In the plot above the color of the point represents the feature value and for categorical variables (fraud: 1) red is the positive class and blue is the negative class (fraud: 0). The position on the y-axis is determined by the feature and on the x-axis by the Shapley value. The points are all the examples together and the points are vertically jittered when they end up too close to one another.

Quick analysis of the random forest model's top 3 most important features are:

`TERMINAL_ID_RISK_7DAY_WINDOW`

`TX_AMOUNT`

`CUST_AVG_AMOUNT_30`

We can now take either of our best models (xgboost or random forrest) and save them to disk for usage in our end-user application. To do this we'll save the model and the data pre-processor code together as a PMML payload as seen in the example code below:

from sklearn2pmml import PMMLPipeline
from sklearn2pmml import sklearn2pmml
xgb_pmml_pipeline = PMMLPipeline(
[
('preprocessor', x_train_mapper),
('classifier', fitted_models_and_predictions_dictionary["XGBoost"]['classifier'])
]
)
sklearn2pmml(xgb_pmml_pipeline, "xgb_cc_fraud_20220405_v2.pmml")

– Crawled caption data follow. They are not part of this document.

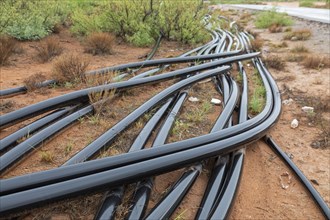 Loco Hills, New Mexico, A tangle of large black hoses connects oil well and tanks in the oil fields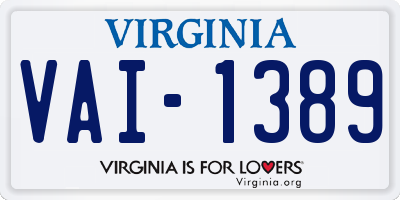 VA license plate VAI1389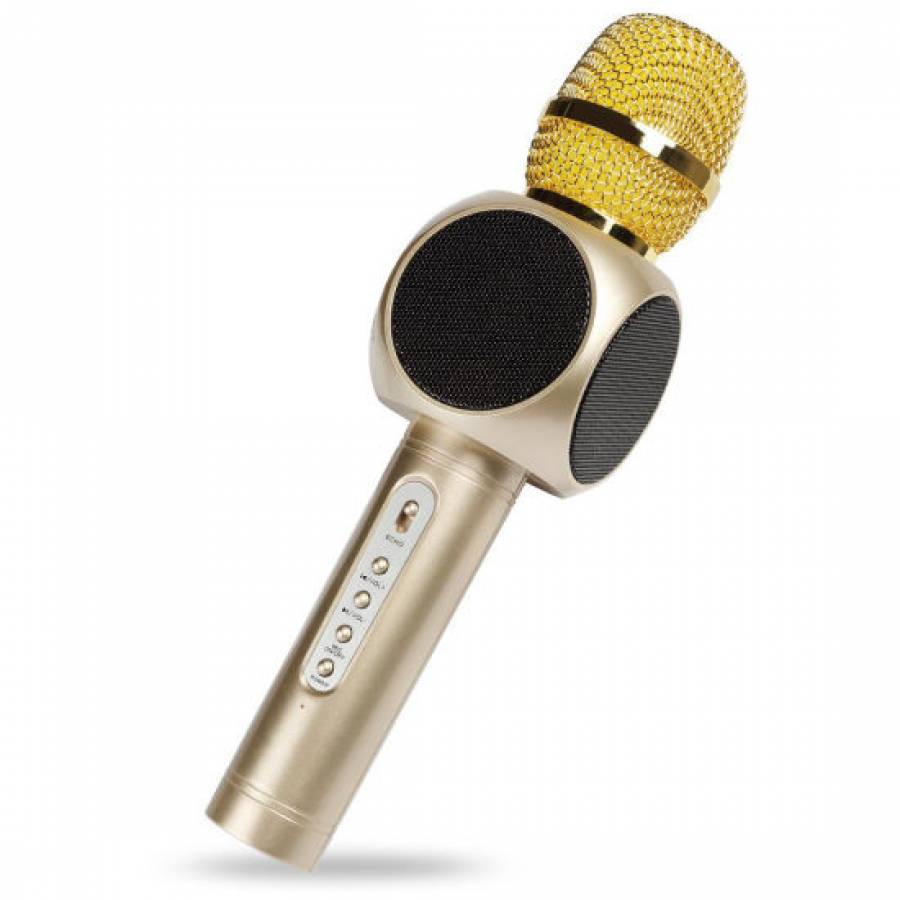 Microfon Klausstech Cu Tehnologie Bluetooth Pentru Karaoke, Utilizare Wireless, Butoane De Reglare Echo/volum/asociere/reverberare,difuzor Dublu, Gold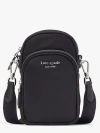 Kate Spade Sam Ksnyl Nylon North South Phone Crossbody In Black
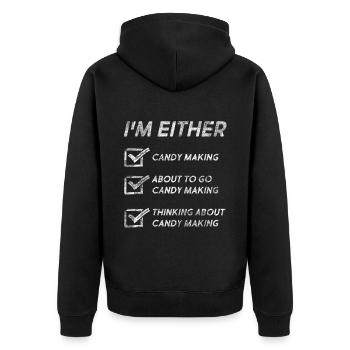 Funny Candy Making Quotes Candy Making Lovers - Unisex Premium Bio Zip Hoodie - Schwarz - Hinten - Nico (187cm)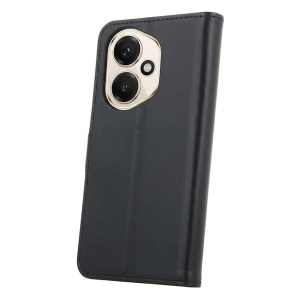 Husa pentru Honor 400, Tip Carte, Piele Ecologica, Inchidere Magnetica, 3 Sloturi Card, set cu sticker, Smart Classic, Negru mat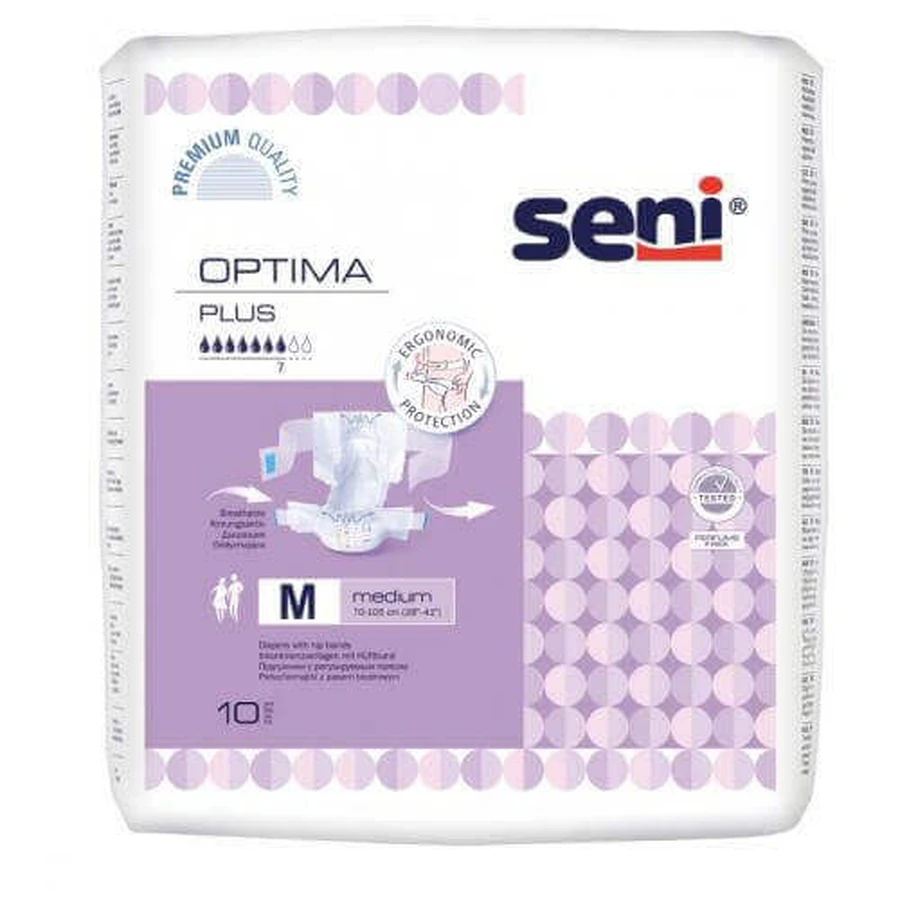 SENI OPTIMA PLUS MEDIUM Подгузники с поясным ремнем, 10 шт.: цены и характеристики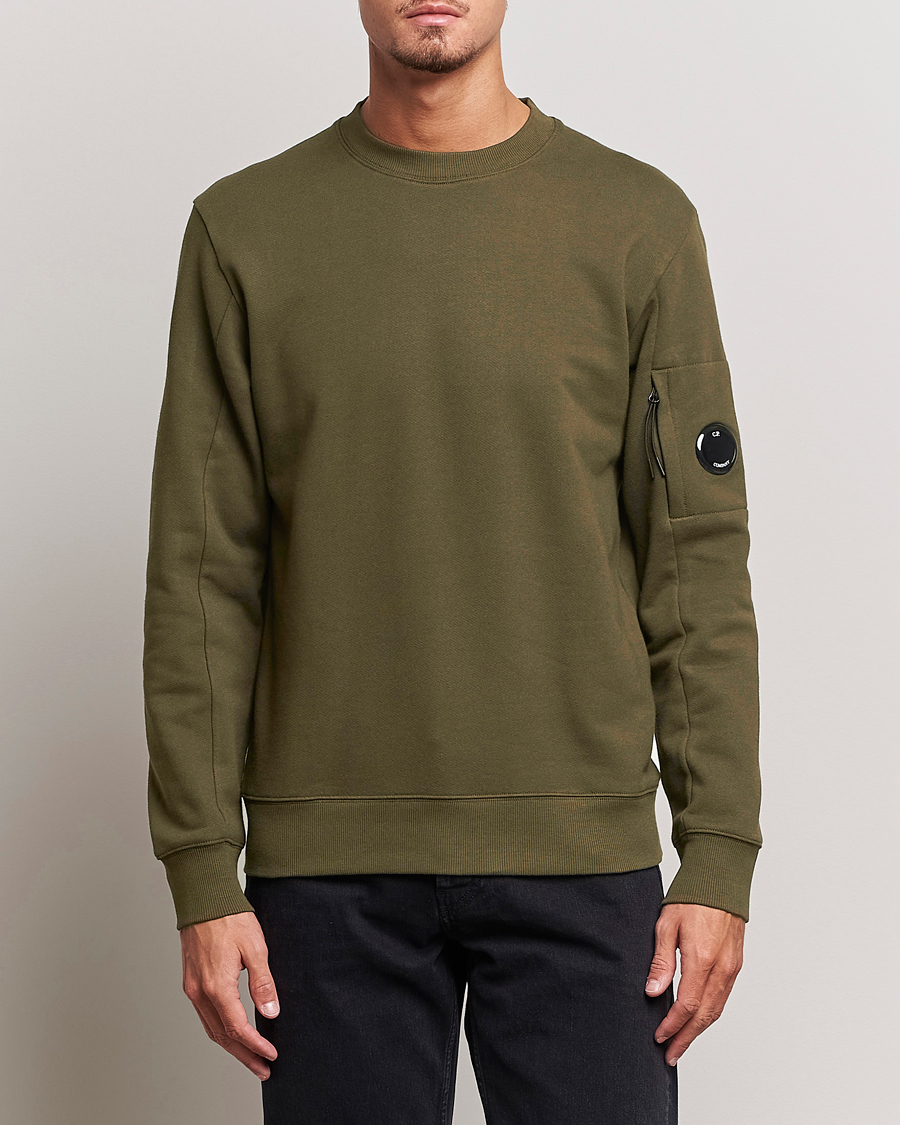 C.P. Company Diagonal Raised Fleece Lens Sweatshirt Military Green at CareO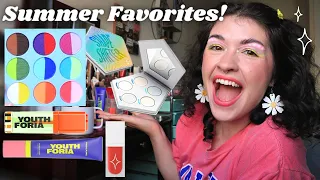 CURRENT MAKEUP FAVS | in my iridescent shadow, neon liner, liquid blush era!!🌈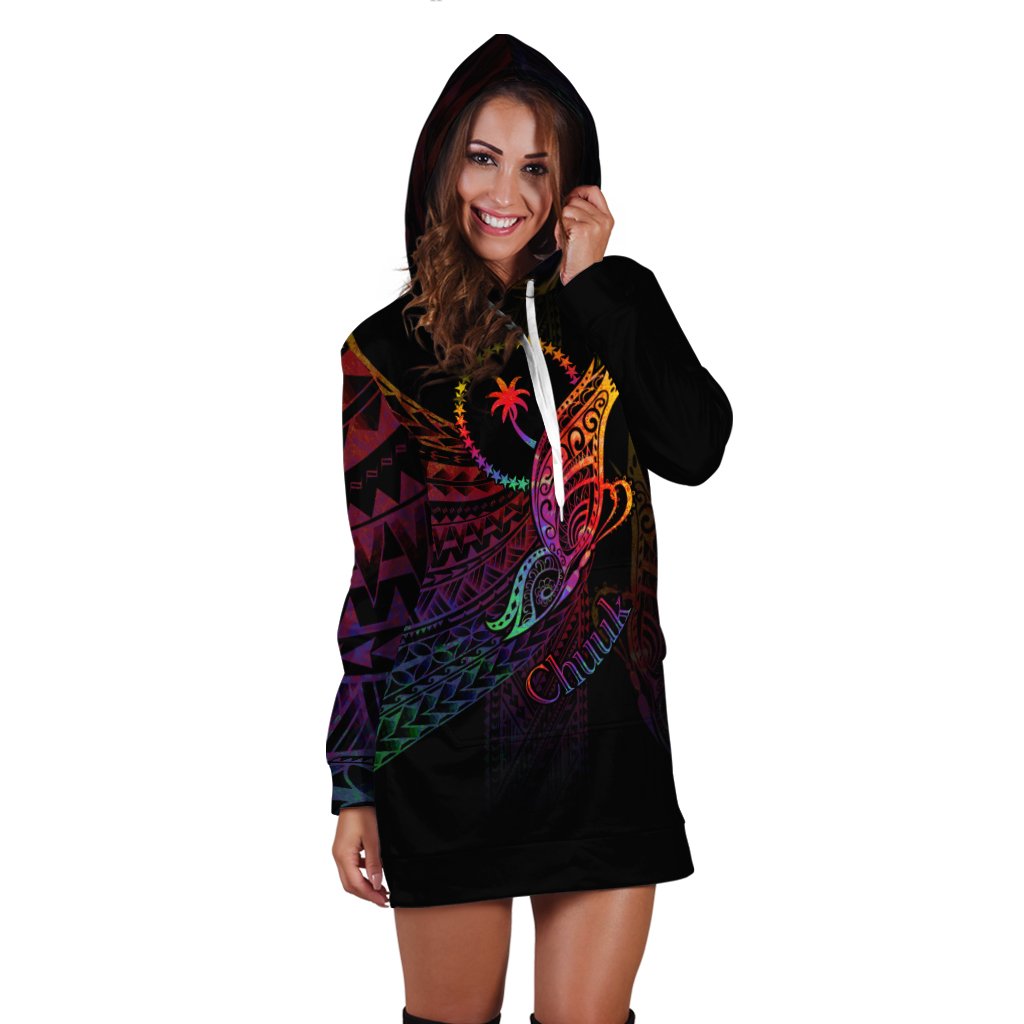Chuuk State Hoodie Dress - Butterfly Polynesian Style - Polynesian Pride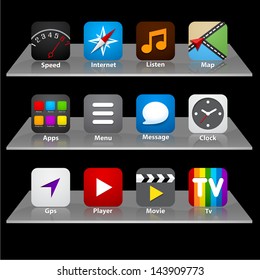 Vector illustration of app icon set. Eps10.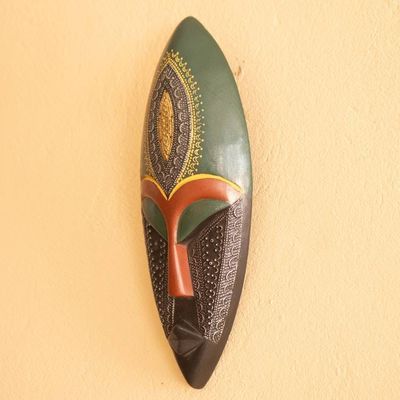 Alternate image for Elongated Wood and Embossed Brass Aluminum African Wall Mask Face of Favor II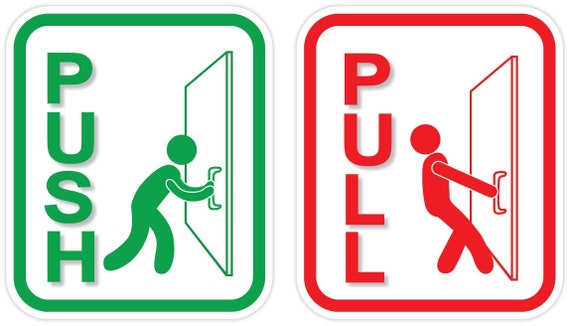 PUSH PULL Door Sigh Vinyl Sticker Decal Sign Set of 2 | Etsy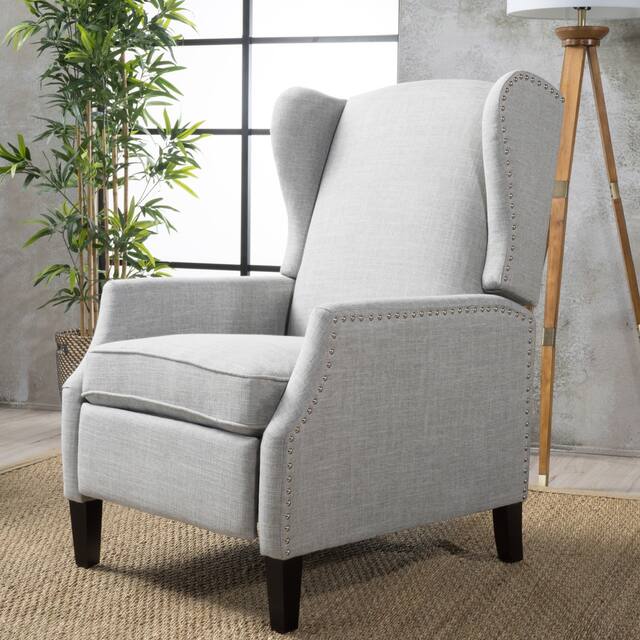 Wescott Wingback Pushback Recliner by Christopher Knight Home - taupe tweed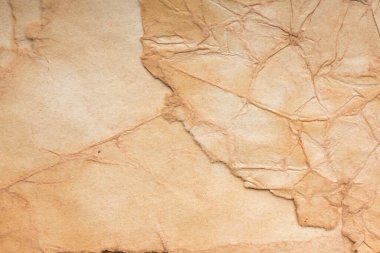 Aged paper sheet. Blank old background with dust and dirty stains. Vintage and antique art concept. Poster mockup. Detailed closeup studio shot. Front view. Toned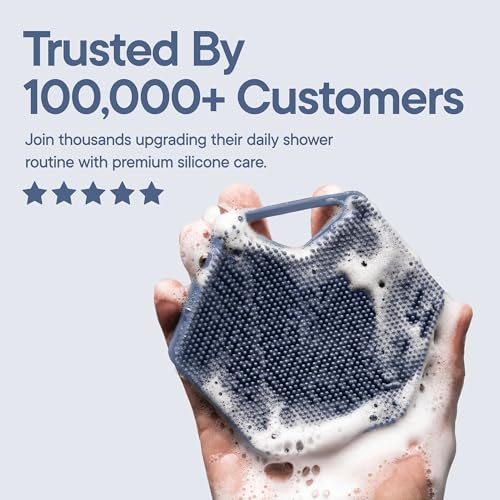 TOOLETRIES Silicone Body Scrubber 2.0, Loofah Alternative - Glacier | Gentle exfoliating shower scrubber that's quick drying, hygienic and longer lasting than traditional loofahs. - color: Glacier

Now that we have our model saved, we can start thinking about building our streamlit application.

In this post we built some baseline models based on our performance metrics and then did some grid search to fine tune the better performing models we found.

We then did some SHAP value analysis to better understand how our model made decisions about the input data.

In our next and final post in this series we will take the model we built and deploy it as a user-facing cloud application with streamlit.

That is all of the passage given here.